■ **Exercise goal**: Please set down the lines of the listing exactly, from its first line to the line with "Lais Puzzle - Blick", leaving the pictures out.

■ **Data for review**:

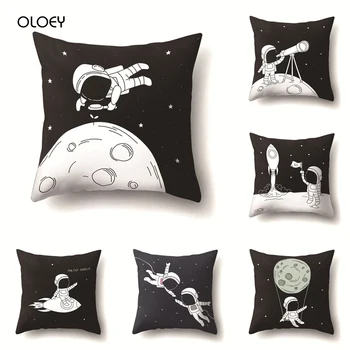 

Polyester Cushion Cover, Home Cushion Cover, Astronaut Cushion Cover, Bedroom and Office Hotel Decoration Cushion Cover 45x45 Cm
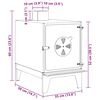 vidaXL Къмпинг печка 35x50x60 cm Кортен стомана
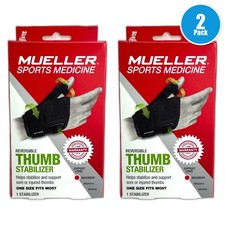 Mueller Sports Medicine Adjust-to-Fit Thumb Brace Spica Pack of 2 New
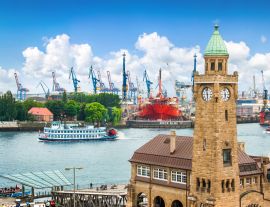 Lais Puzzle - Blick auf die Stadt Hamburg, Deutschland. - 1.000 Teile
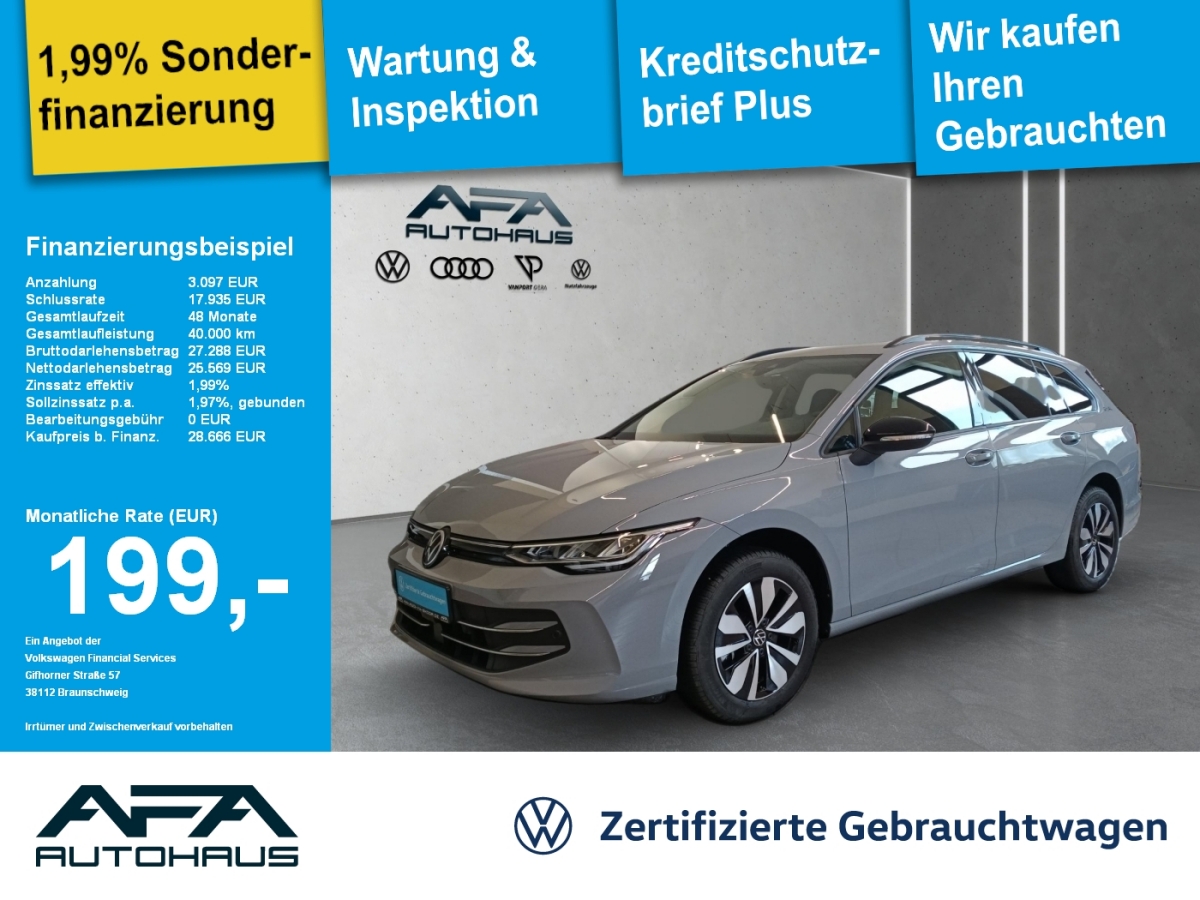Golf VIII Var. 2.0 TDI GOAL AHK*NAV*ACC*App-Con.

■ **Problem solution**:
Polyester Cushion Cover, Home Cushion Cover, Astronaut Cushion Cover, Bedroom and Office Hotel Decoration Cushion Cover 45x45 Cm
 vidaXL Къмпинг печка 35x50x60 cm Кортен стомана
 Mueller Sports Medicine Adjust-to-Fit Thumb Brace Spica Pack of 2 New
 Lais Puzzle - Blick auf die Stadt Hamburg, Deutschland. - 1.000 Teile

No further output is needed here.